Event driven - you go back to a book based on thinking around a problem and
look for information around it. I have found this very effective to understand
the content, especially something not so trivial and those that you may not
get by passive reading. However, this requires more time and effort from you
in terms of self-thinking around problems.

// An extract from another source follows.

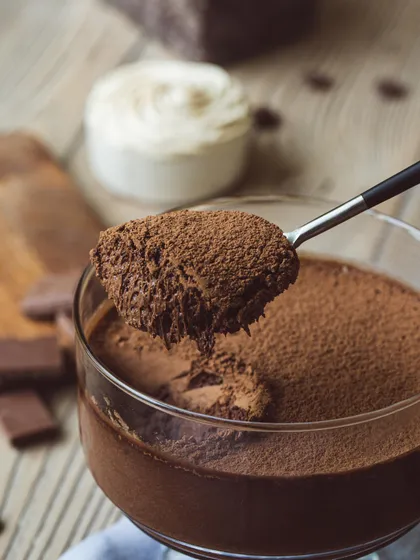 A spoonful of my decadent dark chocolate mousse, showing its light, airy texture and rich cocoa finish. It's pure indulgence.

The second way is passive reading - just read because you got interested in
the topic. You don't understand a lot of it immediately, and so either your
interest may carry on and you may get more than where you began or you may
give up.

But if you give up, in the interim you may encounter some things related to
what you read and you go into the first mode. Or you find that what you
started is not your cup of tea at least for the moment. You iterate over other
topics of interest.

------
0xCMP
Does anyone use the citation advice he gives? If so, what tool do you use? It
sounds like it might be a good way to store the important parts of books,
especially when you get 100s-1000s of books in.

------
ryanmarsh
May I offer this as an alternative?

[https://www.farnamstreetblog.com/how-to-read-a-
book/](https://www.farnamstreetblog.com/how-to-read-a-book/)

------
wonkaWonka
...and when you're ready to write your own book, here's a helpful text that
can guide you through the lumber selection process, before you start producing
the pulp that will go into the paper for your book:

[https://www.amazon.com/Identifying-Wood-Accurate-Results-
Sim...](https://www.amazon.com/Identifying-Wood-Accurate-Results-
Simple/dp/0942391047/161-4038110-1441338)

------
andrepd
I have to say this is contrary to my experience. For example, whenever I try
to do what this tells, and jump ahead and skip around the text to try and
grasp the general points I invariably get confused and lost because some
detail from further back is need to understand the text further ahead. It's
only when I invariably need to start over and read it properly that I
understand and assimilate the knowledge.

------
mathattack
I thought he was referring to this [0] which is a more detailed plan of attack
along similar lines.

[0]
[http://www.evergladeshs.org/ourpages/auto/2015/5/28/58122395...](http://www.evergladeshs.org/ourpages/auto/2015/5/28/58122395/Adler%20Mortimer%20-%20How%20To%20Read%20A%20Book.pdf)

------
kercker
I am afraid to skip a book, because I am afraid to miss some important things
that I just skipped.

I can't easily get over this feeling, when I'm reading a book, so I keep
reading every detail of the books I read.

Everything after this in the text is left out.